● **TASK INSTRUCTIONS**:
Copy, word for word, the lines of the listing below from the line with "You can find" up to and including the line with "Hello guys, this". Drop the pictures.

● **DATA PROVIDED**:
▼

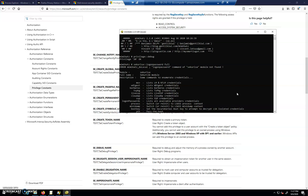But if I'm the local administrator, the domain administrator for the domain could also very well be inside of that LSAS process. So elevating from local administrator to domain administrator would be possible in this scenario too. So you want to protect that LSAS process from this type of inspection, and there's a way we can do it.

▲
▼

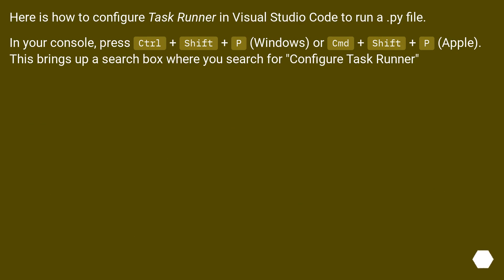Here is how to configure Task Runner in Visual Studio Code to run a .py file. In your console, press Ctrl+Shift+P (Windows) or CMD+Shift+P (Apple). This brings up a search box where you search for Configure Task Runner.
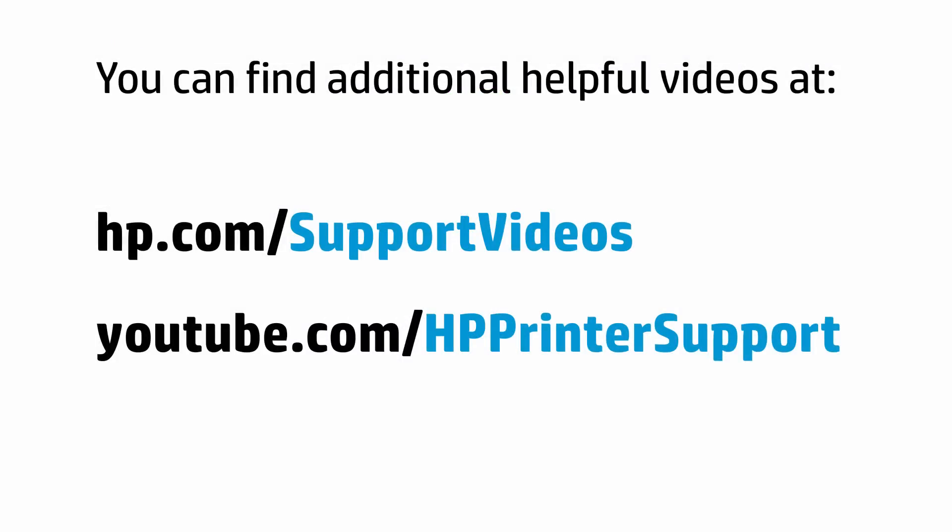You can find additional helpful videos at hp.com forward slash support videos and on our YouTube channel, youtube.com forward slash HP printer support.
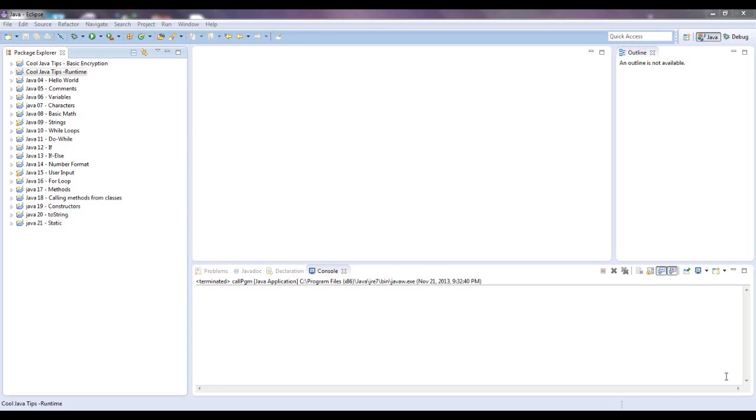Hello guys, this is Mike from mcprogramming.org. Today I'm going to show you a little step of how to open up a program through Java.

▲

● **WRITTEN REPLY**:
You can find additional helpful videos at hp.com forward slash support videos and on our YouTube channel, youtube.com forward slash HP printer support.
Hello guys, this is Mike from mcprogramming.org. Today I'm going to show you a little step of how to open up a program through Java.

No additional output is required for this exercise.